Este ciclo fue la última fase de la tardía, pero acelerada transformación del Brasil agrario en una sociedad urbana; la transición de una dictadura militar a un régimen democrático-electoral; y la historia de la génesis, ascenso y apogeo de la influencia del PTismo, luego transfigurado en lulismo, sobre los trabajadores; A lo largo de estos tres procesos, la clase dominante logró, a “ataques”, evitar que en Brasil se abriera una situación revolucionaria como las que vivieron Argentina, Venezuela y Bolivia, aunque, más de una vez, se habían abierto situaciones que podrían haber evolucionaron en esta dirección, pero fueron interrumpidos.

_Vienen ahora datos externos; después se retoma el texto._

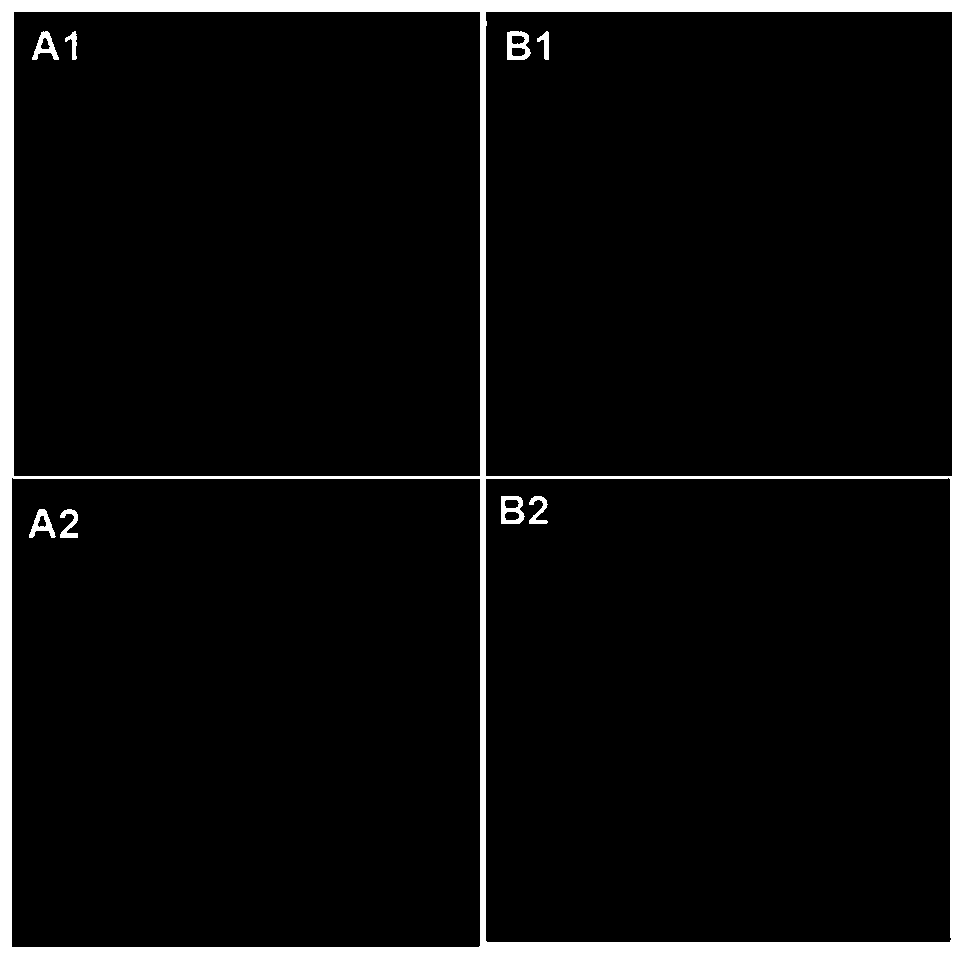 Improved microcarrier living cell fluorescence staining method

La elección en 2002 de un presidente de clase trabajadora en un país capitalista semiperiférico, como Brasil, fue un acontecimiento atípico. Desde el punto de vista de la burguesía, fue una anomalía, pero no una sorpresa. El PT ya no preocupaba a la clase dominante, como en 1989. Una evaluación de estos trece años parece irrefutable: el capitalismo brasileño nunca fue amenazado por los gobiernos del PT. Pero eso no impidió que toda la clase dominante se uniera, en 2016, para derrocar a Dilma Rousseff con acusaciones escandalosas. Esta operación política, una conspiración liderada por el vicepresidente Michel Temer, revela algo de importancia estratégica sobre lo que es la clase dominante brasileña.

4.

Los gobiernos del PT eran gobiernos de colaboración de clases. Favorecieron algunas reformas progresistas, como la reducción del desempleo, el aumento del salario mínimo, la Bolsa Família y la expansión de las Universidades e Institutos Federales. Pero beneficiaron, sobre todo, a los más ricos, manteniendo intacto el trípode macroeconómico liberal hasta 2011: la garantía de un superávit primario superior al 3% del PIB, la flotación del tipo de cambio en torno a R$ 2,00 por dólar y la meta de controlar la inflación por debajo del 6,5% por año.

El silencio de la oposición burguesa y el apoyo público manifiesto de banqueros, industriales, terratenientes e inversores extranjeros no deberían sorprender, mientras la situación externa fuera favorable. Cuando el impacto de la crisis internacional iniciada en 2011 llegó en 12/2008, el apoyo incondicional de la clase dominante se derrumbó. No hubo dudas tras la derrota de Aécio Neves en 2014. Fueron a dar el golpe. La denuncia del “petrolão” por parte de Lava Jato fue sólo una bandera instrumental.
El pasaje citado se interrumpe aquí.